I write contemporary Christian romance with a Kiwi twist.
But what does contemporary Christian romance mean . . . and how do you know if it’s something you’re interested in?
Well, contemporary is relatively easy to define. It’s set now. In the present. Or perhaps the recent past, if the book is part of a series (because almost all series move forward in time with each successive book, whether it’s by years, months or mere days). Some people define contemporary as anything after 1950, but as a reader, I disagree: contemporary has to feel like now, complete with the internet, social media and 24/7 connectivity.
Romance is also pretty easy to define. Romance Writers of America, the leading voice of the genre, define romance as having a central love story, and an emotionally satisfying and optimistic ending. Put simply, romance readers expect a happy ever after (HEA) ending, and for the romance to be the core element of the plot, a some minor subplot.
Christian . . . now, that’s a little more difficult. It’s often referred to as inspirational romance, in that Romance Writers of America define inspirational romance as “religious or spiritual beliefs (in the context of any religious or spiritual belief system) are an integral part of the plot.” A lot of inspirational romance is simply that: inspirational, perhaps morally uplifting, without the focus on sex found in most modern romance novels. Such novels might be inspirational, but don’t always feel especially Christian— I’d like to think being a Christian is a little more than being religious or inspirational or focusing on fleeting feelings.
As we know, the word ‘Christian’ describes a wide range of belief—Eastern Orthodox, Roman Catholic, Anglican (or Episcopalian if you’re from the USA), Baptist, Pentecostal. Most Christian fiction steers away from referring to specific denominations, but tends to be at the conservative evangelical end of the Christian spectrum (in part, because one of the largest Christian book chains, Lifeway Christian Resources, is owned by the Southern Baptist Convention and won’t stock anything that runs counter to their beliefs).

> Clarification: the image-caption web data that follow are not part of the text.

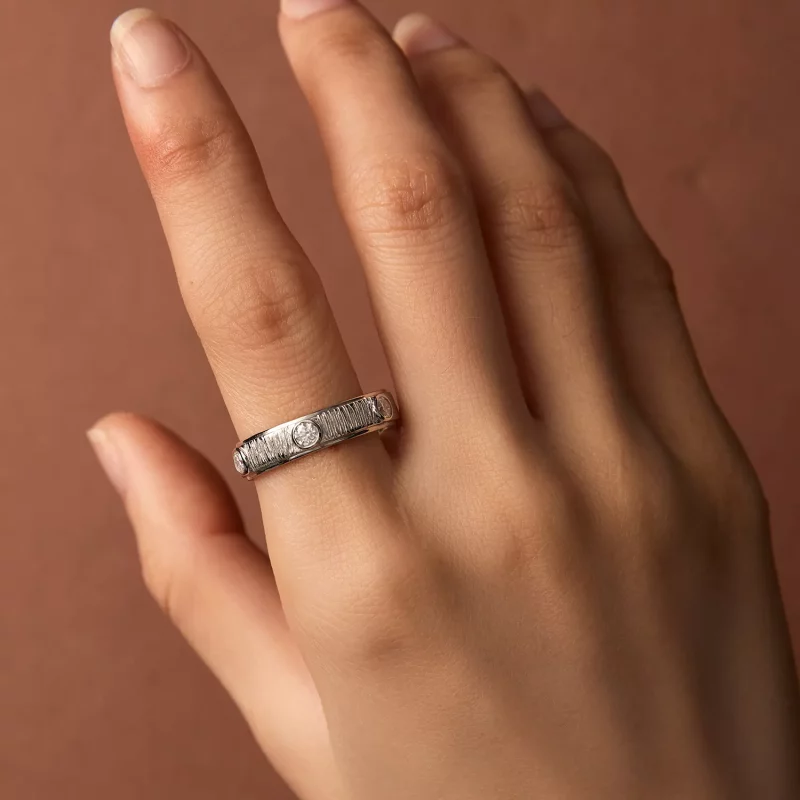(afbeelding voor) Pandora-stijl Delicate Moissanite Band Ring voor Mannen - MSR032 - Bekijken 6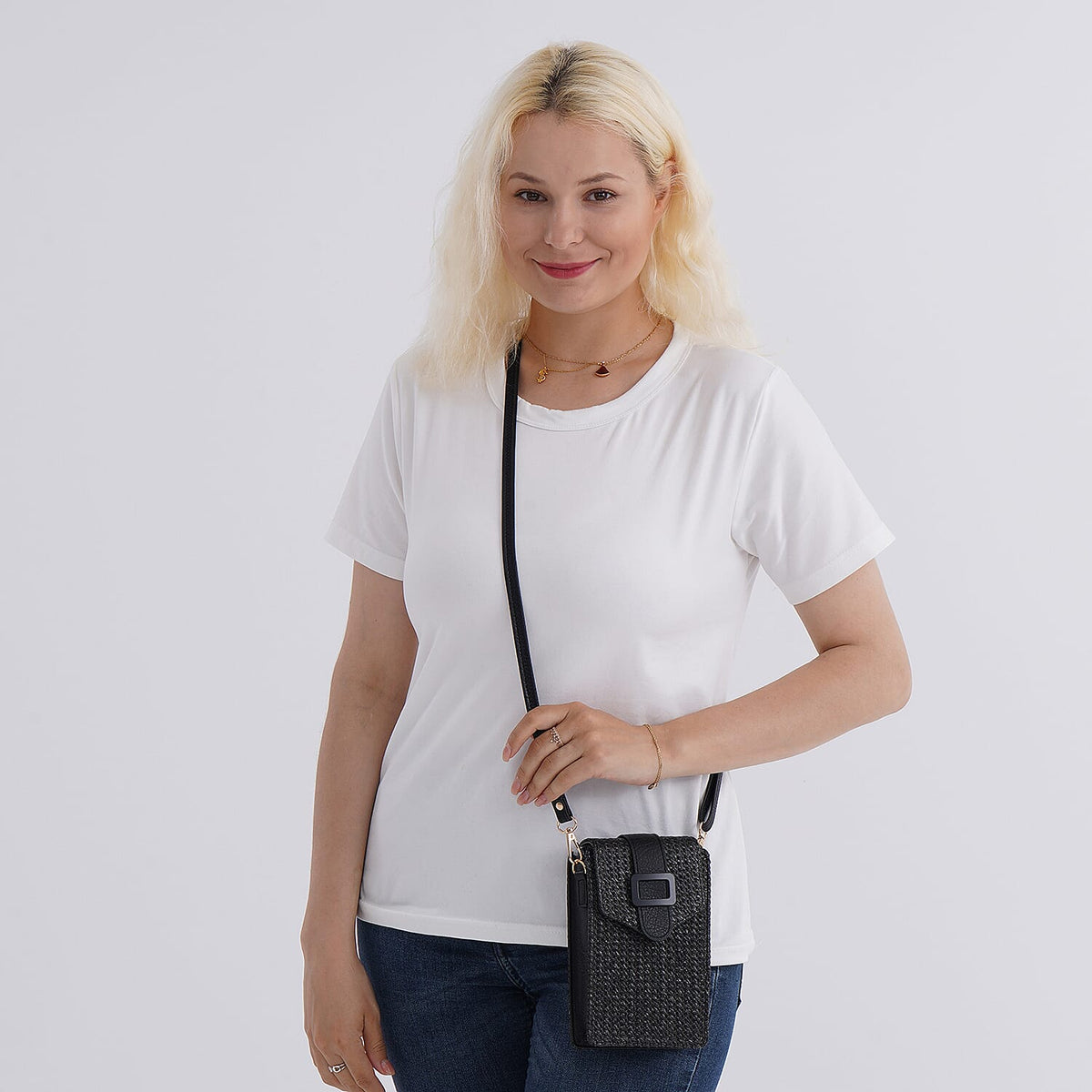 Boho Braided Texture Crossbody Bag with Buckle Flap - Black V32637416 2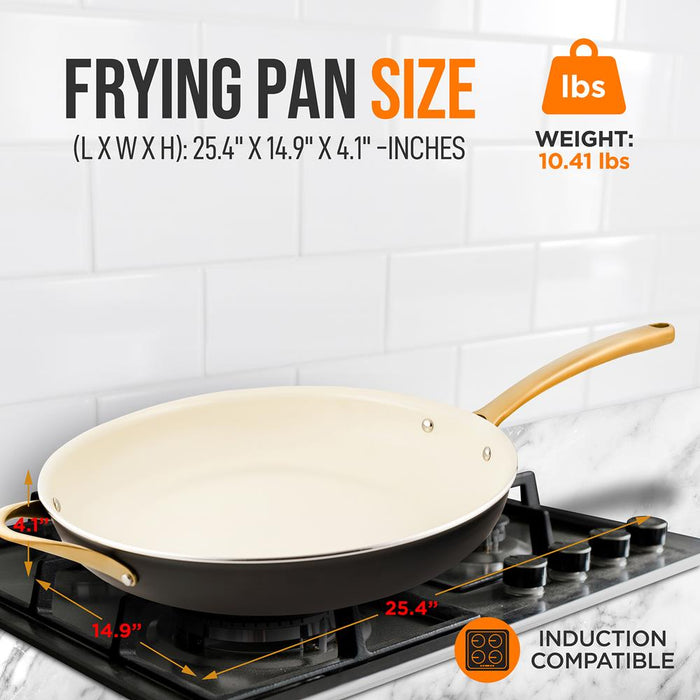 14'' Non-Stick Fry Pan – Durable Pan With Silicone Handle, Interior Non-Stick Ceramic Coating And Polyester Coating Outside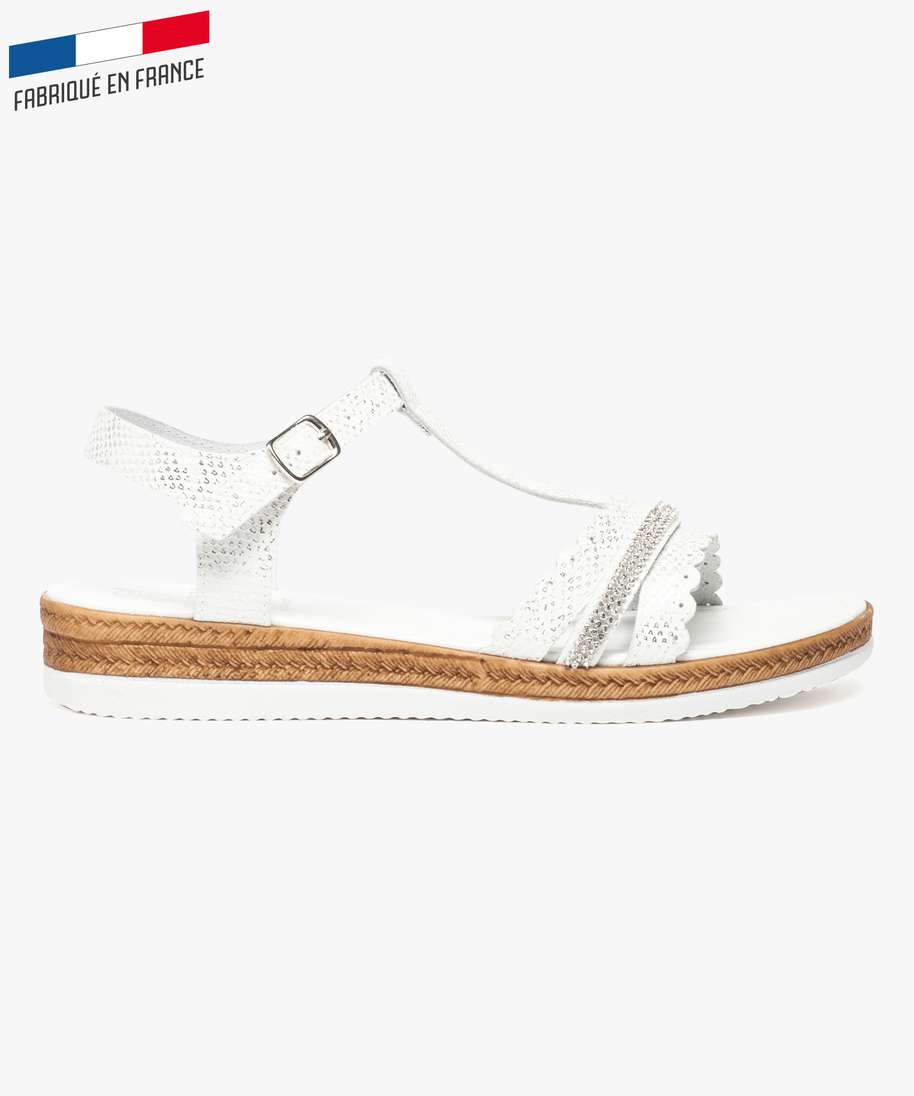 nu pieds femme avec strass et semelle compensee aspect corde blanc sandales plates et nu pieds femme GEMO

Even so, many of these Inspirational Romance novels are ‘Christian-lite’, featuring characters who go to church but don’t seem to pray or read their Bibles except on Sunday. Others are ‘Christian-heavy’, overdosing on preaching and sermons and characters who can’t seem to utter more than a few words without throwing in a Scripture quotation . . . which breaks the number one writing rule, of show, don’t tell. It’s a fine balance, as different readers are looking for different levels of Christian content.